WORK REQUEST:
Repeat the data below exactly, dropping any pictures it holds.

DATASET SECTION:
----

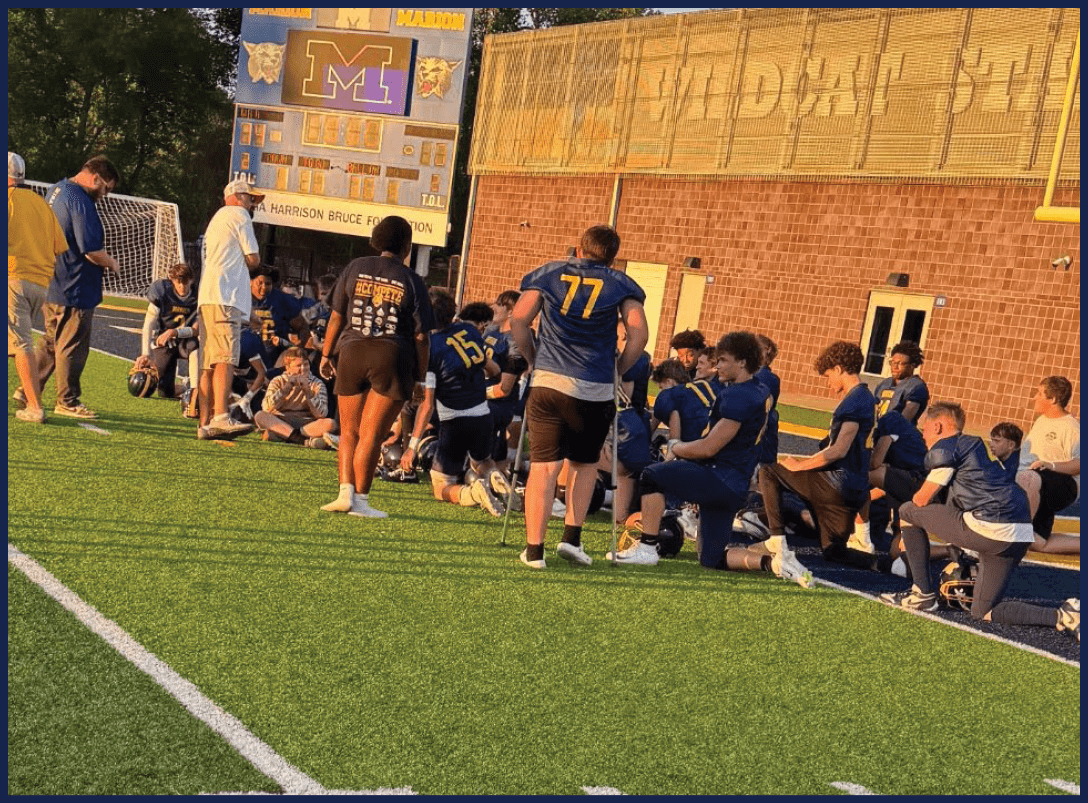 A group of people in sports uniforms and casual clothing are gathered on a field near a scoreboard during what appears to be a team meeting or practice. Description generated by AI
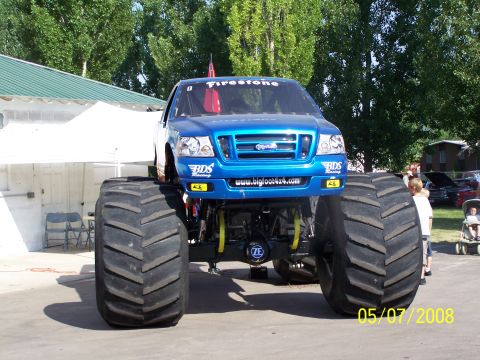 1973 Ford Mustang - A bright blue Bigfoot monster truck with massive tires is parked outdoors on a sunny day. The truck has "Firestone" and "BDS Racing" brandi…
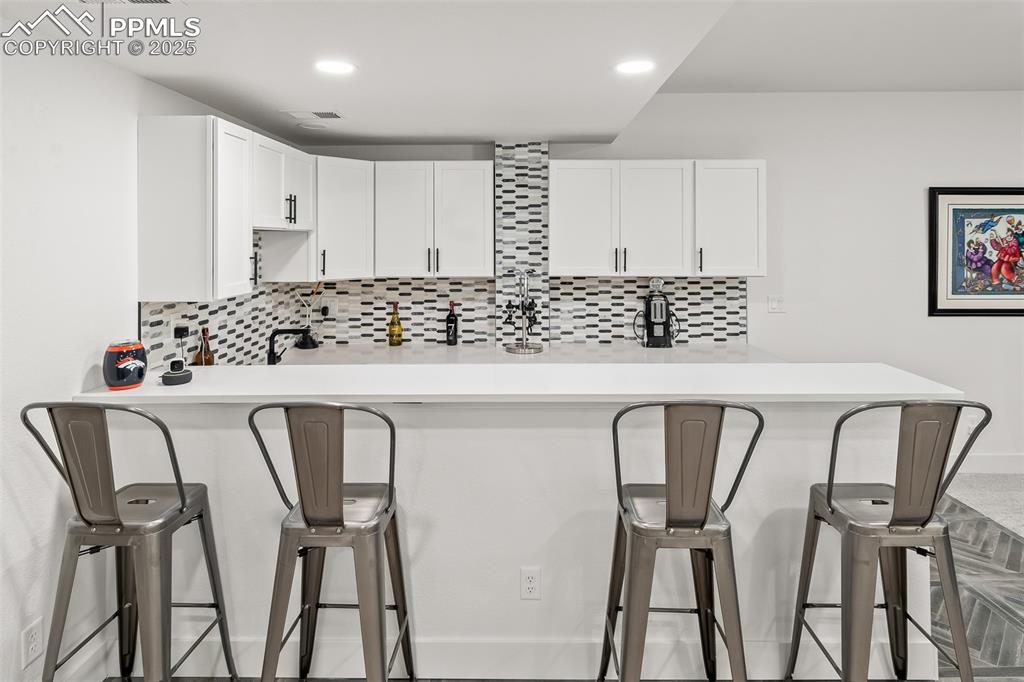 Image 40 of 48: Kitchen featuring a breakfast bar area, tasteful backsplash, white cabinets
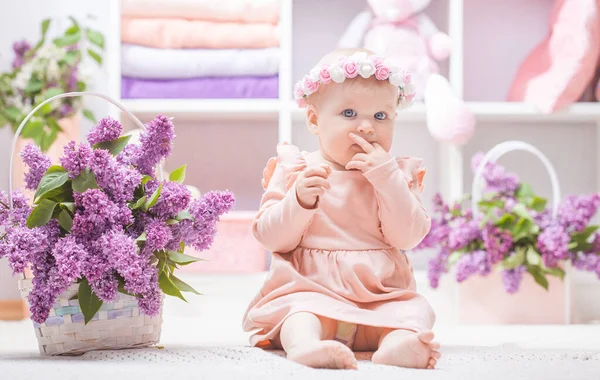 Bebé con flores de color lila en casa o jardín de infantes —  Fotos de Stock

----

ANSWER TO THE EXERCISE:
 A group of people in sports uniforms and casual clothing are gathered on a field near a scoreboard during what appears to be a team meeting or practice. Description generated by AI
 1973 Ford Mustang - A bright blue Bigfoot monster truck with massive tires is parked outdoors on a sunny day. The truck has "Firestone" and "BDS Racing" brandi…
 Image 40 of 48: Kitchen featuring a breakfast bar area, tasteful backsplash, white cabinets
 Bebé con flores de color lila en casa o jardín de infantes —  Fotos de Stock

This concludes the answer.